Updated July 2026
What Is Uninsured and Underinsured Motorist Coverage Insurance?
Uninsured motorist coverage has two parts: bodily injury and property damage. The bodily injury portion pays your medical expenses, lost wages, and pain and suffering when an uninsured driver causes a crash. The property damage portion covers repairs to your vehicle. Underinsured motorist coverage works the same way, but it kicks in when the at-fault driver carries liability insurance that's too low to cover your full losses — you collect their policy limit first, then your underinsured coverage pays the remaining gap up to your policy limit.
- You're rear-ended at a stoplight by a driver with no insurance. You have $8,000 in medical bills and $4,500 in vehicle damage. Without uninsured motorist coverage, you pay all of it yourself or sue the driver, who likely has no assets. With $25,000 in uninsured motorist bodily injury coverage and $25,000 in property damage coverage, your policy pays the full $12,500.
- A driver runs a red light and T-bones your car. You have $35,000 in medical expenses. The at-fault driver carries Missouri's minimum liability limit of $25,000 per person. Their insurer pays you $25,000. If you carry $50,000 in underinsured motorist coverage, your policy pays the remaining $10,000. Without underinsured coverage, you're responsible for that $10,000 gap.
- A driver sideswiped your car on the highway and fled.

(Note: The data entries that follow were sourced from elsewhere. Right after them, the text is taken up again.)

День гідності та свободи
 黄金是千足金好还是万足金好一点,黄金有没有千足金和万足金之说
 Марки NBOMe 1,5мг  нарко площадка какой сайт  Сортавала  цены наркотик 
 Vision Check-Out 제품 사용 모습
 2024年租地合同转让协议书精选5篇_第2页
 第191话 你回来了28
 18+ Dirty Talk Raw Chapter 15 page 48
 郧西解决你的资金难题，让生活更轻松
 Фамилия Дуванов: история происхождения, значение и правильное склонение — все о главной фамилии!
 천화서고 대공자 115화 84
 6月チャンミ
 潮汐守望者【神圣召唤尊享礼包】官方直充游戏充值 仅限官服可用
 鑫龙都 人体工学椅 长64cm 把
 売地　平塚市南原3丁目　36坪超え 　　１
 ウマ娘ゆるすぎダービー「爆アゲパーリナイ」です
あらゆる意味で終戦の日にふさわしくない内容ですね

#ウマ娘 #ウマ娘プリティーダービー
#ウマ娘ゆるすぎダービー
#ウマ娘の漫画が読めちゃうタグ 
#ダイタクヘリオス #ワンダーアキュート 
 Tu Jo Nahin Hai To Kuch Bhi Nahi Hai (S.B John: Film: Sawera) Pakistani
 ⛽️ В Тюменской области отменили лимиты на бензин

You have $6,000 in vehicle damage and $3,200 in medical bills. If you carry uninsured motorist coverage with property damage, your policy treats the unknown driver as uninsured and pays your claim. Without it, you file under your collision coverage if you have it, or you pay out of pocket.
Who Needs Uninsured and Underinsured Motorist Coverage Insurance?
You should carry this coverage if you drive frequently in areas with high uninsured driver rates, if you don't have health insurance that covers car crash injuries, or if you can't afford to pay thousands in medical bills or vehicle repairs out of pocket after a crash caused by someone else. It's also critical if you're financing a vehicle — a totaled car and a remaining loan balance is a financial disaster if the at-fault driver carries no insurance.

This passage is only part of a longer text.